▸ Exercise description: Please reproduce verbatim the lines below, from the first through the one with "Una calle empedrada".

::::::::

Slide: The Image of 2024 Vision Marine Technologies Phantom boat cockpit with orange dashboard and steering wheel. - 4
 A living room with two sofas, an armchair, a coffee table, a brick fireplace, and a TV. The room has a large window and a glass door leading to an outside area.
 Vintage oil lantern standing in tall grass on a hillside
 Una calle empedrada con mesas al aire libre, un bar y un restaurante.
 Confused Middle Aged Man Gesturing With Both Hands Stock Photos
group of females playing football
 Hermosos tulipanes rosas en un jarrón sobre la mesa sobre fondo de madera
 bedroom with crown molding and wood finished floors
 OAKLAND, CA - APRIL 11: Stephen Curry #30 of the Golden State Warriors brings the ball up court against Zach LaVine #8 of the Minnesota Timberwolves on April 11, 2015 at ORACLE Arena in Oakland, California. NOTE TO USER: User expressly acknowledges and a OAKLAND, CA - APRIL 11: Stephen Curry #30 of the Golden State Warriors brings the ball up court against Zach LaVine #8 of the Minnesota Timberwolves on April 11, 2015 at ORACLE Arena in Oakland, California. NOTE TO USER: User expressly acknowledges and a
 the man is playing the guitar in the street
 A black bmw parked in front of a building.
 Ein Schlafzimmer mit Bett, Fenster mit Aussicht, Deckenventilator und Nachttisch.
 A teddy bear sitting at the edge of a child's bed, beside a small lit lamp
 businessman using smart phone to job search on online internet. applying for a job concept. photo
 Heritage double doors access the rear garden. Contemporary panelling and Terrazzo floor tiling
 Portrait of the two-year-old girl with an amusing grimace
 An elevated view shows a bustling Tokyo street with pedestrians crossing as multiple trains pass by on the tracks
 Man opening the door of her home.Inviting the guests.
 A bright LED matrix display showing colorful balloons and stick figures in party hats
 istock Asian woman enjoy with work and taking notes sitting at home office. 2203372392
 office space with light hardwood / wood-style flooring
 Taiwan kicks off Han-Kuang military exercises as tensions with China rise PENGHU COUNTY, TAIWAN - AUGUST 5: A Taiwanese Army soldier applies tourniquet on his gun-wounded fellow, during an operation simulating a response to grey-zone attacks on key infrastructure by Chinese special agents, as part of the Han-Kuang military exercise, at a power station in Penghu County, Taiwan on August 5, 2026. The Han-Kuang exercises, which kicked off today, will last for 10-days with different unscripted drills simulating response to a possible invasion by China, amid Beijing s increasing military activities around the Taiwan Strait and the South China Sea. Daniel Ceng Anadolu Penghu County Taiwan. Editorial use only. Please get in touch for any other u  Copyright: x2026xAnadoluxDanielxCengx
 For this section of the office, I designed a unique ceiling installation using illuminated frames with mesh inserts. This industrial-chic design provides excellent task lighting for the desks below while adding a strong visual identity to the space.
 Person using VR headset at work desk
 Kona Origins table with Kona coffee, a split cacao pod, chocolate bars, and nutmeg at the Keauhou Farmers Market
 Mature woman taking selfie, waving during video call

::::::::

▸ Answer to this exercise:
Slide: The Image of 2024 Vision Marine Technologies Phantom boat cockpit with orange dashboard and steering wheel. - 4
 A living room with two sofas, an armchair, a coffee table, a brick fireplace, and a TV. The room has a large window and a glass door leading to an outside area.
 Vintage oil lantern standing in tall grass on a hillside
 Una calle empedrada con mesas al aire libre, un bar y un restaurante.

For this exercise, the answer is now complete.